A formal passing of accounts is not a strict requirement. Such a proceeding typically arises where one or more beneficiaries object to the informal financial information provided by the Trustee, such that a judicial determination becomes necessary. Otherwise, where the Public Guardian and Trustee or the Office of the Children’s Lawyer are involved, passings of accounts are commonplace. Of note, however, any party with a financial interest in the trust or estate can compel a passing of accounts by obtaining a court order.
As the term “accounts” implies, the exercise is largely a question of accounting – identifying and categorizing items such as original assets, original liabilities, assets held, assets distributed, assets received, liabilities outstanding, etc. These are generally filtered through four categories: capital receipts, capital disbursements, revenue receipts, and revenue disbursements. Where called upon to provide information related to particular transactions, the Trustee will be expected to have diligently kept records, such that he or she is in a position to provide vouchers as necessary (e.g., bank statements, receipts, etc.).
The Standard of Recordkeeping Required for an Estate Trustee and the Standard of Care with Respect to a Trustee’s Duty to Account
Baran v Cranston, 2022 ONSC 6636, provides a helpful refresher on the standard of recordkeeping required of an Estate Trustee and the standard of care with respect to a Trustee’s duty to account.
As stated at paragraph 14 of Baran, “the standard of care for an estate trustee is the standard of care of a person of ordinary care and diligence in managing their own affairs”. Thankfully, this standard is not one of perfection, as, per paragraph 16 of Baran, an “estate trustee [is] not required to obtain a receipt for every expense in order to allow her to be reimbursed for expenses she incurred, where she produced accurate accounts for all expenses, which were incurred for the benefit of the estate, along with […] corroborating documents.”
A common sense approach guides the determination as to whether a Trustee has met the standard of recordkeeping required of him or her and the standard of care expected with respect to his or her duty to account.
Failure to Comply with an Order to Pass Accounts
To emphasize the gravity of the duty to account, consider the case of Estate of Nordby, 2023 ONSC 821, where an Estate Trustee was imprisoned for contempt when he failed to comply with an order to pass accounts.
In Nordby, the Estate Trustee was the father of the deceased and grandfather to the beneficiaries. Mr. Nordby obtained a Certificate of Appointment of Estate Trustee with a Will on October 30, 2013, was ordered to pass accounts on April 12, 2017, and was found in contempt of the Order on September 28, 2022.
The Office of the Children’s Lawyer, acting as litigation guardian for the Estate Trustee’s minor grandson, demonstrated immense patience and restraint, attempting for several years to have the Estate Trustee comply with the 2017 Order. Even the 2022 Order showed grace – the contempt could be purged if accounts were passed within 60 days of the Order.

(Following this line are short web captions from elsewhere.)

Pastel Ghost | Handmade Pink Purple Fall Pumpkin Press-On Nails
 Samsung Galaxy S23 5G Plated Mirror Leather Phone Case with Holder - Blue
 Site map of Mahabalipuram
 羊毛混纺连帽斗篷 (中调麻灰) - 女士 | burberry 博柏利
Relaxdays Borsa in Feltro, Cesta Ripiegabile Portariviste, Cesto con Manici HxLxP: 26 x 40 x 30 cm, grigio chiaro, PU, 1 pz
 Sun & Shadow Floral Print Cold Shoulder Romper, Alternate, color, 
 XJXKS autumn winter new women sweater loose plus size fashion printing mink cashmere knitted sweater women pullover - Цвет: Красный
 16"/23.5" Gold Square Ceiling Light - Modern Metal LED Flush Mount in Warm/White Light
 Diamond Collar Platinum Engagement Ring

Notwithstanding the foregoing, Mr. Nordby seemingly took his duty lightly and, as a result, was ordered to be imprisoned for five days to, per paragraph 33 of the instant case, “make Mr. Nordby and the public ‘sit up and take notice.’”
Like the song lyric goes, Mr. Nordby “fought the law—and the law won.”
The role of Trustee can be both an immense privilege and an immense responsibility. When navigating the duties arising, it is prudent to consult with a qualified trust and estate lawyer.